--- DATA FOR PROCESSING Enclosed Below ---

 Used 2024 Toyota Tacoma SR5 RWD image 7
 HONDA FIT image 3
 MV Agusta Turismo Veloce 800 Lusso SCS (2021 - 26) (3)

--- End of Enclosed DATA FOR PROCESSING ---
--- DATA FOR PROCESSING Enclosed Below ---

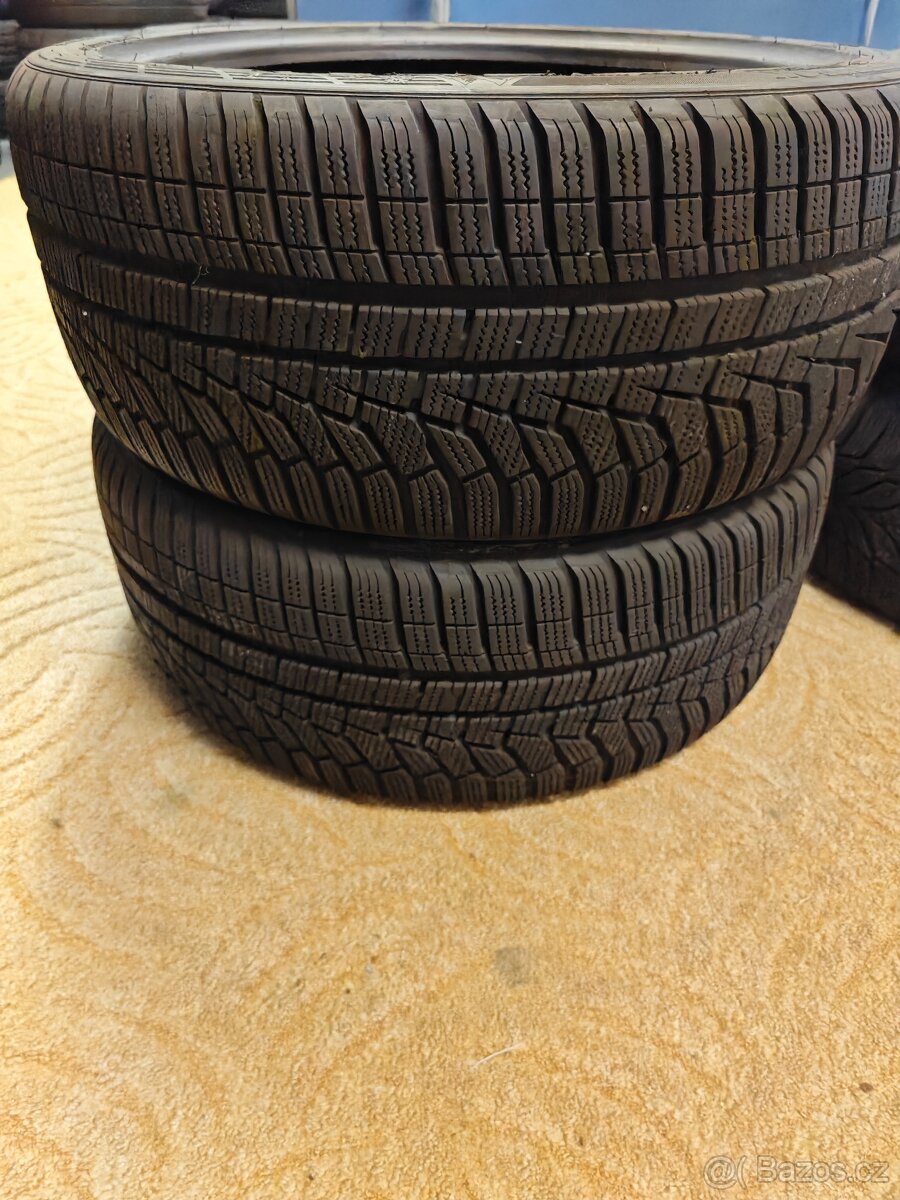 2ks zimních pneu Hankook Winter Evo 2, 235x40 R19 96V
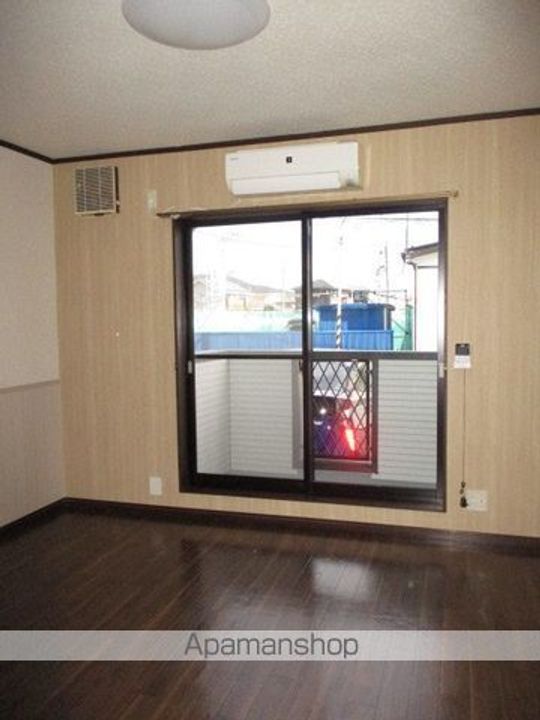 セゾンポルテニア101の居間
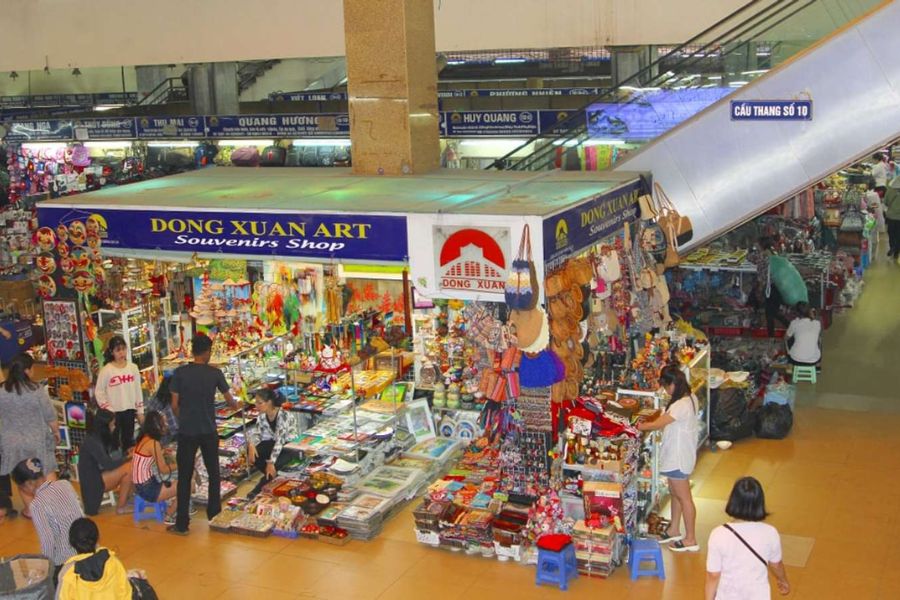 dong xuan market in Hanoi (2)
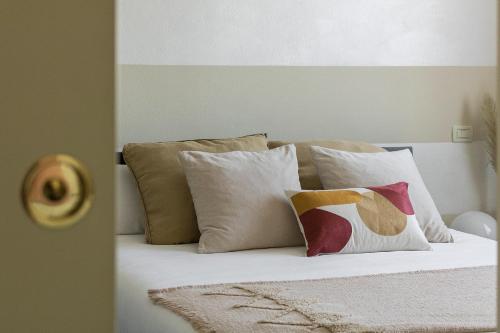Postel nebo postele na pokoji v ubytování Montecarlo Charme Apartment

--- End of Enclosed DATA FOR PROCESSING ---
--- DATA FOR PROCESSING Enclosed Below ---

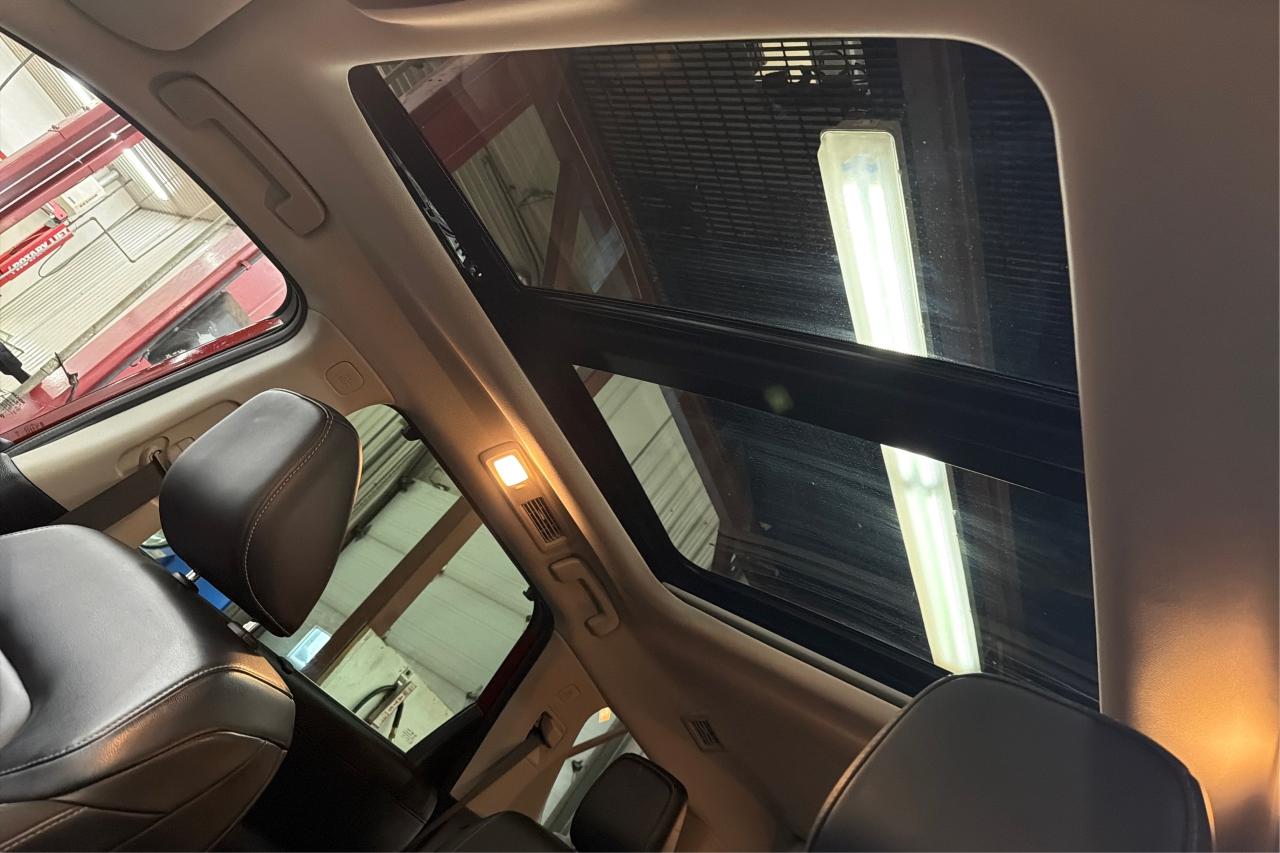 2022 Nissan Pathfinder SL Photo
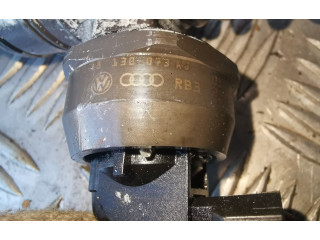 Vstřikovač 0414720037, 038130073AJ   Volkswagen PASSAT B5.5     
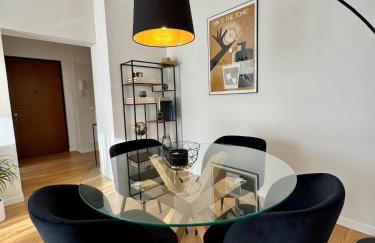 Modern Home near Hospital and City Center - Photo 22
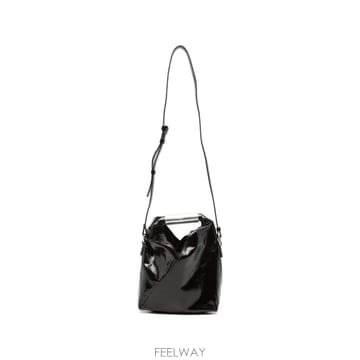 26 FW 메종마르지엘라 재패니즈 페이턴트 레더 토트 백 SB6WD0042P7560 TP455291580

--- End of Enclosed DATA FOR PROCESSING ---

# EXERCISE DETAILS:
Return each line from the material that includes the string "image".

# ANSWER BOX:
 Used 2024 Toyota Tacoma SR5 RWD image 7
 HONDA FIT image 3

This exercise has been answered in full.